Many years ago, many initiatives of developing countries to establish regional economic integration, such as ASEAN Free Trade Area were taken by heads of government, or stimulated by international organizations, without any involvement of the private sector. AFTA is a trade bloc agreement by the Association of Southeast Asian Nations in order to support local manufacturing in all ASEAN countries. When it is originally signed, ASEAN had 6 members, which are Brunei Darussalam, Indonesia, Malaysia, Philippines, Singapore and Thailand. Vietnam joined in 1995, Laos and Myanmar in 1997 and Cambodia in 1999. By now, AFTA consist of 10 countries of ASEAN. All of them had signed the AFTA agreement and for the 4 latecomers (CLMV) they had been given longer time to meet AFTA’s tariffing reduction obligations.

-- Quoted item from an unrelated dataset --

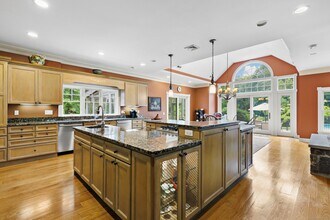 91 Dogwood Ln in Stamford, CT - Building Photo - Building Photo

The ASEAN Heads of Government hope economics in ASEAN become more effective and competitive in era of globalization by increasing the ASEAN’s production through the removal of non-tariff barriers and low intra-regional tariffs (range from 0 to 5%). Thus, companies within ASEAN region (free trade area) can enjoy advantage of the economics of scale. To achieve those, an implementing mechanism called the Common Effective Preferential Tariff (CEPT) scheme was established and being signed in 1992. AFTA is a collective effort by ASEAN members to reduce or eliminate tariffs on intra-ASEAN trade. The objective of AFTA is to create an integrated domestic market within ASEAN and increase the region’s competitive edge as a production base in the world market.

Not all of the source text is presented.